_TASK BRIEF_. Search the entries below for "Chapter", and copy each line where it appears.

----------------

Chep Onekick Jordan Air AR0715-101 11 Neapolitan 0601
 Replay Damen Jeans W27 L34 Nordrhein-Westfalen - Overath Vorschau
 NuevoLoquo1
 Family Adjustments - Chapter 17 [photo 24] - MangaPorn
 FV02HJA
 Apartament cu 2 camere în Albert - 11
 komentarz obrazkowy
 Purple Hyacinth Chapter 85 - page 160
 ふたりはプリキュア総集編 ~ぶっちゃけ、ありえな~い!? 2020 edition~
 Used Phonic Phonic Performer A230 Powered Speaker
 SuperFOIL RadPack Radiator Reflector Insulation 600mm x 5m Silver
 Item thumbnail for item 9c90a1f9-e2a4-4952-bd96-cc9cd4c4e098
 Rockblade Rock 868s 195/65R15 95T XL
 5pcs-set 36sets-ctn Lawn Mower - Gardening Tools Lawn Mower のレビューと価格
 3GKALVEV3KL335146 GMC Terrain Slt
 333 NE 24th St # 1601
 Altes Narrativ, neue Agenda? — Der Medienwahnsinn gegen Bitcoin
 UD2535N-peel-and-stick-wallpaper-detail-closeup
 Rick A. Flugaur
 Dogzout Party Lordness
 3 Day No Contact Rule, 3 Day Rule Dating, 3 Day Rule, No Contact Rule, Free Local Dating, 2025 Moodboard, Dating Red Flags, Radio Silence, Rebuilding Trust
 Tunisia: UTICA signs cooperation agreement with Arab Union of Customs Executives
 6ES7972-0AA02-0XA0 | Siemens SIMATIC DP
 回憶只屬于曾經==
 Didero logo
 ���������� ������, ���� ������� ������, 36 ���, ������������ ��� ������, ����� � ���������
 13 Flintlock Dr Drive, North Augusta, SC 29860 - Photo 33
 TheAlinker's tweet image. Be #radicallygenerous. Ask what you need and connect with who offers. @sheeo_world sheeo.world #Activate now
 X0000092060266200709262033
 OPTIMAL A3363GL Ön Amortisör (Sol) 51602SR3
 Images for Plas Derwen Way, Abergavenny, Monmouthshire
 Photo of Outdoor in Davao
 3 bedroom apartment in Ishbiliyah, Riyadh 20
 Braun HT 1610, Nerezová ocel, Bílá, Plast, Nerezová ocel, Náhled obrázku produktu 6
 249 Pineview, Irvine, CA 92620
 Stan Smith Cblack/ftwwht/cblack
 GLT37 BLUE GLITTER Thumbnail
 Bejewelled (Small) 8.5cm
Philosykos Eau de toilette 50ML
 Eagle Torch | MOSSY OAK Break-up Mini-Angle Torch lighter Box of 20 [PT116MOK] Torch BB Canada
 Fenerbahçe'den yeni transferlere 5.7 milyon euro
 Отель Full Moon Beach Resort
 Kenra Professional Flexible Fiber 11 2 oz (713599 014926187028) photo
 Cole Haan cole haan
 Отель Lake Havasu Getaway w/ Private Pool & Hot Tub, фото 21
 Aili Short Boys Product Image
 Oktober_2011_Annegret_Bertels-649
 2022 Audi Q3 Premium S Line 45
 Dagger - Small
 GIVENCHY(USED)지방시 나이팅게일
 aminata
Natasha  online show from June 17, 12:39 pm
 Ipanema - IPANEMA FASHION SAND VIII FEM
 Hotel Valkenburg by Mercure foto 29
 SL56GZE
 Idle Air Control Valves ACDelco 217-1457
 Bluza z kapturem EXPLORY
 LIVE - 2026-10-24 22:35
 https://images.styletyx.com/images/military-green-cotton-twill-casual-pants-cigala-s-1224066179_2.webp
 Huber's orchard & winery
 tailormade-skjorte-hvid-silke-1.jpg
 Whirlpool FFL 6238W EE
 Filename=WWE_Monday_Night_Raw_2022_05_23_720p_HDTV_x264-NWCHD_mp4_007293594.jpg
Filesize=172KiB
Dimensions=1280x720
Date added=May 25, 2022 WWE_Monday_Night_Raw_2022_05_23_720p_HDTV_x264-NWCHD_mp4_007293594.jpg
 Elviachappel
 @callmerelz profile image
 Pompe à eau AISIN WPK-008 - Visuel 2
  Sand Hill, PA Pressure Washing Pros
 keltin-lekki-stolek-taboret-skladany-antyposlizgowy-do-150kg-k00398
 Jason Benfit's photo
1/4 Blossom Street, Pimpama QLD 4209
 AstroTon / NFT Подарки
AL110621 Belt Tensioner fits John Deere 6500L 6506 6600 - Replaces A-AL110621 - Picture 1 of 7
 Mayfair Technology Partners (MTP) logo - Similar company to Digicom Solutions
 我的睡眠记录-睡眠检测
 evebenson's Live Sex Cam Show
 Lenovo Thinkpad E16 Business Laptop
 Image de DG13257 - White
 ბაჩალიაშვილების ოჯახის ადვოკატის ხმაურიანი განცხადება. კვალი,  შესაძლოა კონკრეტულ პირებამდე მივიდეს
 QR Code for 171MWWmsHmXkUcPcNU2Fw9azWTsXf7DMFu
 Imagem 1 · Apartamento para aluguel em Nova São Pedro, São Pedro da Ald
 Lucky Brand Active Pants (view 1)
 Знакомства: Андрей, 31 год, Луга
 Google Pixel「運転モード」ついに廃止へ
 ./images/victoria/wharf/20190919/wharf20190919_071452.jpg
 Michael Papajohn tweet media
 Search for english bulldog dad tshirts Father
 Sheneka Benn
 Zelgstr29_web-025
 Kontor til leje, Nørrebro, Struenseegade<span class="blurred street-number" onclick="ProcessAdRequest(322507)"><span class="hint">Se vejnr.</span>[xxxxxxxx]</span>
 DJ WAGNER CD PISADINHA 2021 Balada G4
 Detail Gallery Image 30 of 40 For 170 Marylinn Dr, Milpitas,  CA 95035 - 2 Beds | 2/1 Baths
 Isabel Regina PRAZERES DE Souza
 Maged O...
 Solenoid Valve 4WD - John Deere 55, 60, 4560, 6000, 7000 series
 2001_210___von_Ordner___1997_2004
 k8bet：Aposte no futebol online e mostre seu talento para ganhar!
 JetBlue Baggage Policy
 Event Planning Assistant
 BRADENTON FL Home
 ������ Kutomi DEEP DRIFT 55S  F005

----------------

_REPLY TO THE EXERCISE_.
 Family Adjustments - Chapter 17 [photo 24] - MangaPorn
 Purple Hyacinth Chapter 85 - page 160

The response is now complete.